Au Gabon, la décision de la Haute Autorité de la Communication de suspendre l’accès à des plateformes majeures comme Instagram et YouTube a provoqué une onde de choc dans les milieux politiques et économiques. Officiellement, le régulateur invoque la lutte contre la diffusion de contenus susceptibles d’alimenter tensions et divisions. Mais pour une large partie de l’opposition et du secteur privé, la mesure apparaît comme une restriction disproportionnée des libertés numériques et de l’activité économique.

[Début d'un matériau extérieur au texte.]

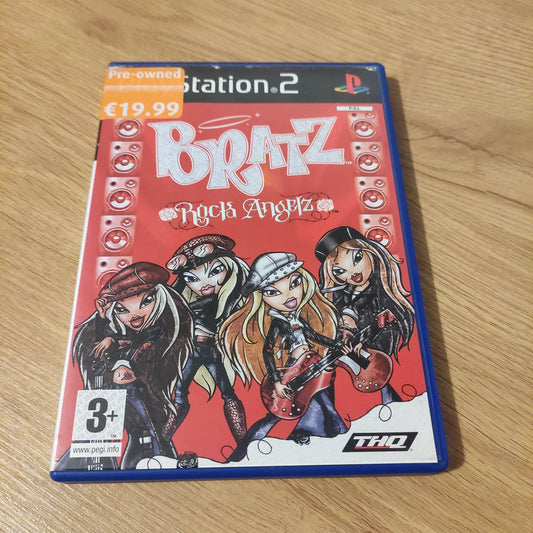 Bratz Rock Angelz PS2 (Y)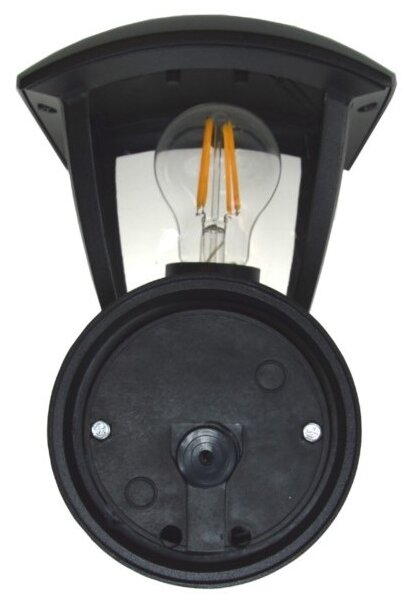 Applique da esterno SURVA 1xE27/60W/230V IP44 nero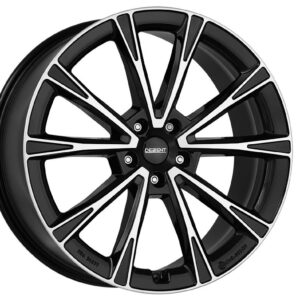 Dezent AR dark Black/polished 7,5x19 5x112 ET40 CB66,6 R14 780 kg TAR9J8BP40E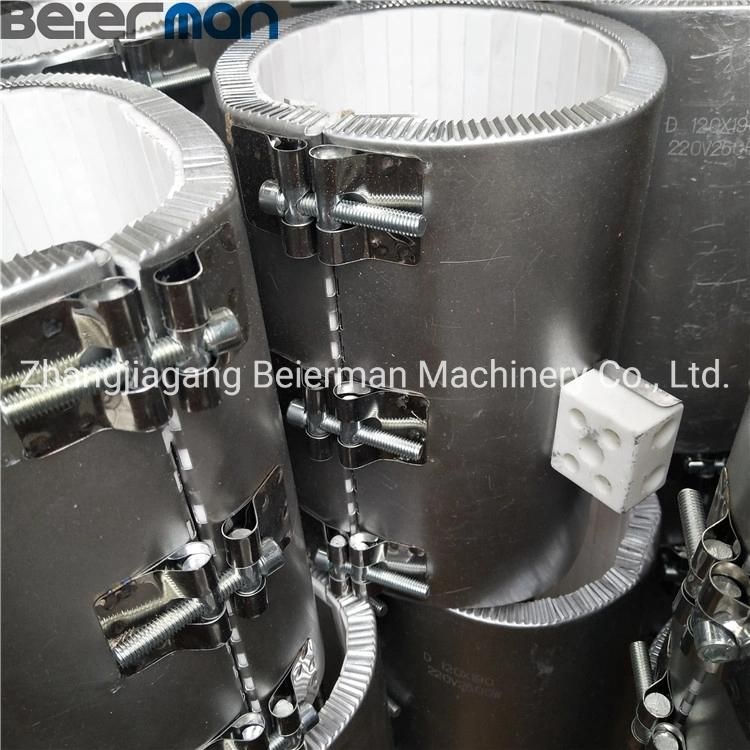 Sj65 Sj75 Sj90 Model Customized Single Screw Extruder for Extrusion PP PE Thick Board Plate Siemens Motor/Engine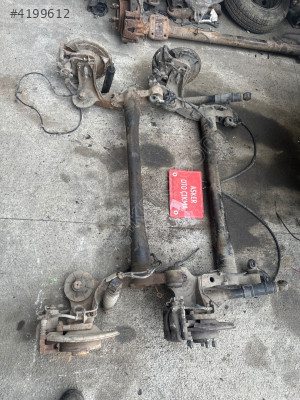 Astra haş arka dingil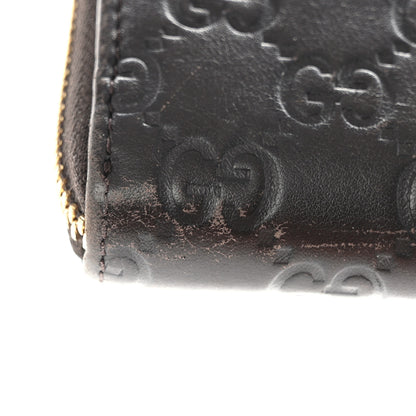 Gucci Guccissima Vitello Tender Donna Long Wallet Testa di Moro 10 of 13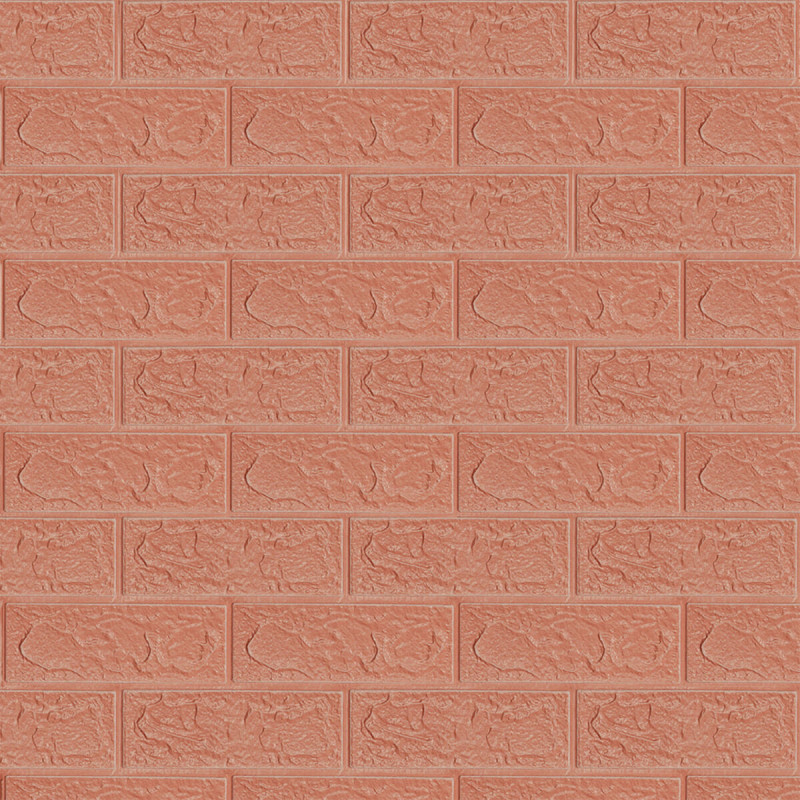 Панель стінова в рулоні 3D 700мм*19,6м*3мм Пудра (D) SW-00001919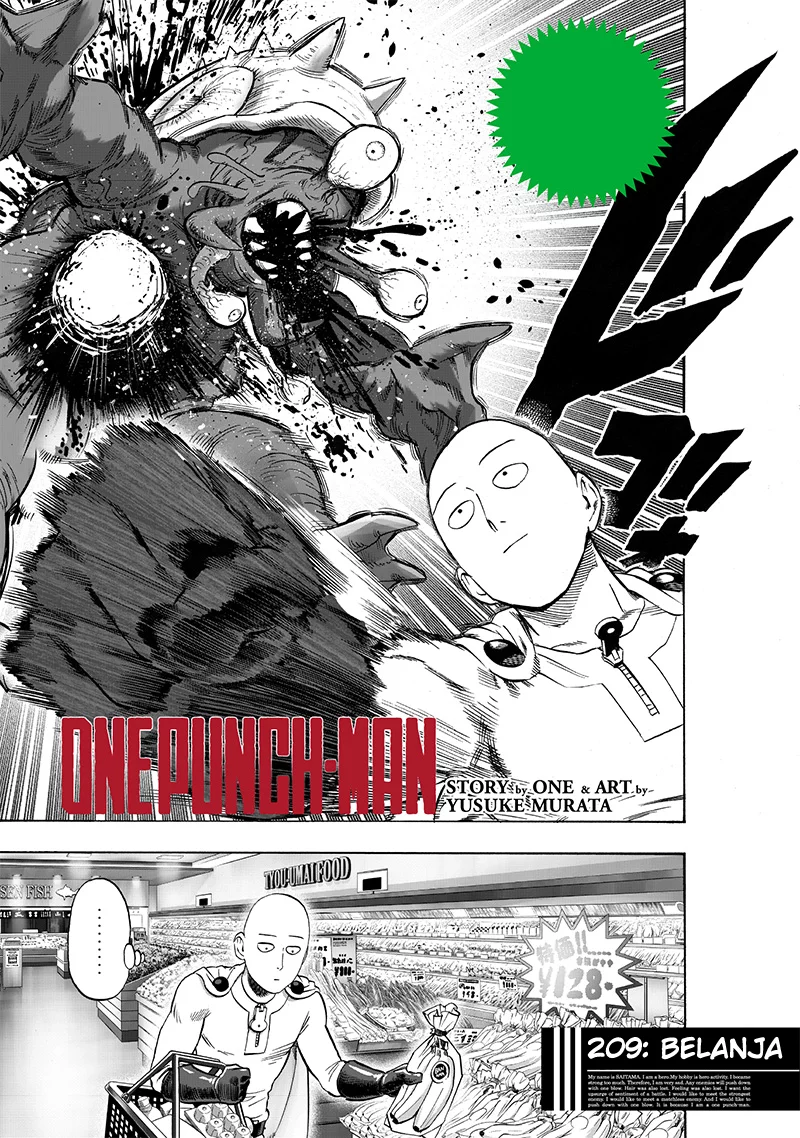 Komik One Punch Man Chapter 259.5 gambar nomor 1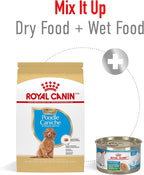 Royal Canin Breed Health Nutrition Poodle Puppy Dry Dog Food, 2.5 lb Bag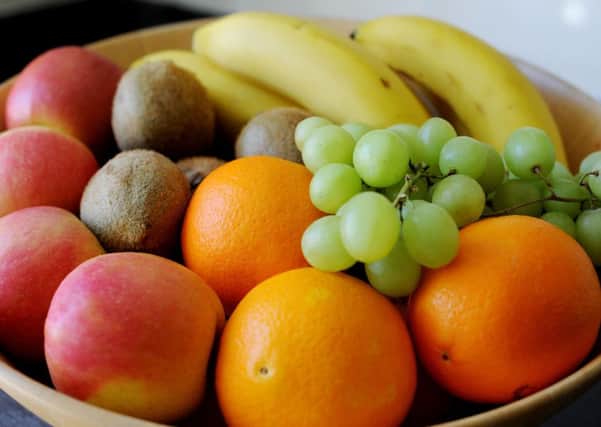 Eating fruit and veg could prevent loss of immunity in later life suggests new research. Picture: PA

Figure centrale de la contestation, l’ancien Premier ministre Alain-Claude Bilie-By-Nze dénonce une décision « incompréhensible » et « inconstitutionnelle ». Selon lui, les réseaux sociaux sont devenus des infrastructures économiques essentielles : marketing, vente en ligne, services créatifs et communication d’entreprise y dépendent directement. Dans un contexte budgétaire contraint, l’interdiction frapperait de plein fouet PME, start-up et auto-entrepreneurs, aggravant la fragilité d’un tissu économique déjà sous pression.
La réaction du monde des affaires confirme cette inquiétude. Restaurateurs, commerçants, influenceurs et créateurs de contenu décrivent une chute immédiate de visibilité et de revenus. Au Gabon, où l’économie numérique informelle s’est fortement développée ces dernières années, les réseaux sociaux servent de vitrines commerciales et de canaux de paiement indirects. Leur suspension agit donc comme un choc exogène sur la micro-économie urbaine, révélant la dépendance croissante des activités à l’écosystème numérique global.

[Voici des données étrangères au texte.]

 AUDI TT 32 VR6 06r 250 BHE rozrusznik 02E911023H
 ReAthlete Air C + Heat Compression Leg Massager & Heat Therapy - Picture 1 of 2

Au-delà de l’impact économique, la controverse soulève une question juridique : la HAC dispose-t-elle du pouvoir de bloquer des plateformes ? L’opposition affirme que la régulation des communications ne saurait justifier une coupure généralisée sans base légale explicite ni décision judiciaire. Cette contestation met en lumière la tension structurelle entre régulation de l’information et liberté d’expression dans les États africains confrontés à la polarisation politique et aux risques de désinformation.

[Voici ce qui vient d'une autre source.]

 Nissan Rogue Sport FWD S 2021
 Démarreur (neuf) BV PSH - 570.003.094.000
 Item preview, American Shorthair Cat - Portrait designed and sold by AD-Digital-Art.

Le gouvernement, lui, s’inscrit dans une logique de stabilité. Dans plusieurs pays africains, les autorités considèrent les réseaux sociaux comme des vecteurs potentiels de mobilisation politique ou de rumeurs déstabilisatrices. La suspension ponctuelle de plateformes a déjà été utilisée lors de crises électorales ou sécuritaires. Mais ces mesures temporaires tendent à s’inscrire dans une tendance plus large de souveraineté numérique, où les États cherchent à reprendre le contrôle des flux d’information.
Au Gabon, toutefois, la spécificité du moment renforce la portée du débat. Le pays traverse une phase politique sensible et une transition institutionnelle encore fragile. Dans ce contexte, toute restriction numérique est perçue par l’opposition comme un signal de fermeture de l’espace public. La réaction virulente d’Alain-Claude Bilie-By-Nze traduit ainsi une lutte plus profonde autour de la légitimité institutionnelle et des règles du jeu politique.
L’épisode gabonais illustre enfin un dilemme continental : comment concilier sécurité informationnelle et économie numérique émergente ? En bloquant des plateformes devenues outils de travail, l’État touche désormais au cœur de l’activité économique. La crise ouverte par la décision de la HAC pourrait ainsi dépasser la seule question des réseaux sociaux pour interroger la place du numérique dans les libertés publiques et le développement un débat appelé à s’intensifier en Afrique.